Distributed Tracing: A Mental Model
Most mental models for tracing descend from Google’s Dapper paper. OpenTracing uses similar nouns and verbs.
- Trace: The description of a transaction as it moves through a distributed system.
- Span: A named, timed operation representing a piece of the workflow. Spans accept key:value tags as well as fine-grained, timestamped, structured logs attached to the particular span instance.
- Span context: Trace information that accompanies the distributed transaction, including when it passes the service to service over the network or through a message bus.

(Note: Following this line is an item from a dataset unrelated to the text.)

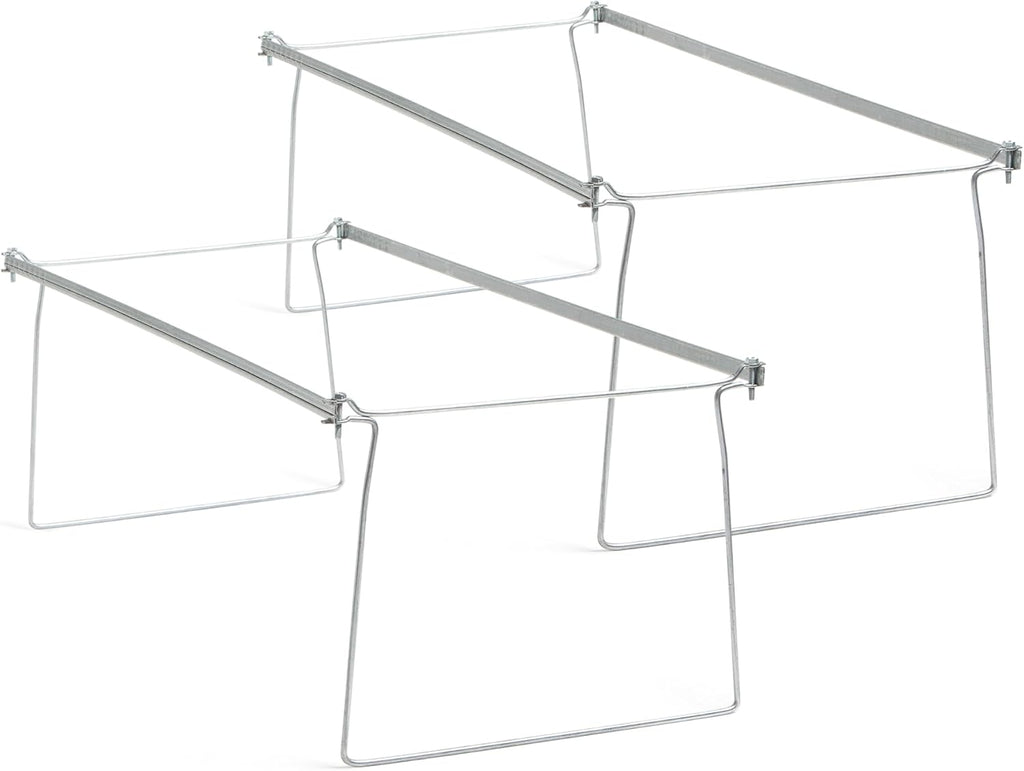 Archivadores colgantes Smead Frames, de acero resistente, tamaño carta, rieles ajustables, paquete de 2 unidades, color gris. Convierten cajones en almacenamiento para carpetas colgantes, ideales para la organización en la oficina, el hogar y el aula.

The span context contains the trace identifier, span identifier, and any other data that the tracing system needs to propagate to the downstream service.
The Four Big Pieces
From the perspective of an application-layer distributed tracing system, a modern software system looks like the following diagram:
The components in a modern software system can be broken down into three categories:
- Application and business logic: Your code.
- Widely shared libraries: Other people’s code.
- Widely shared services: Other people’s infrastructure.
These three components have different requirements and drive the design of the Distributed Tracing systems which is tasked with monitoring the application. The resulting design yields four important pieces:
- A tracing instrumentation API: What decorates application code.
- Wire protocol: What gets sent alongside application data in RPC requests.
- Data protocol: What gets sent asynchronously (out-of-band) to your analysis system.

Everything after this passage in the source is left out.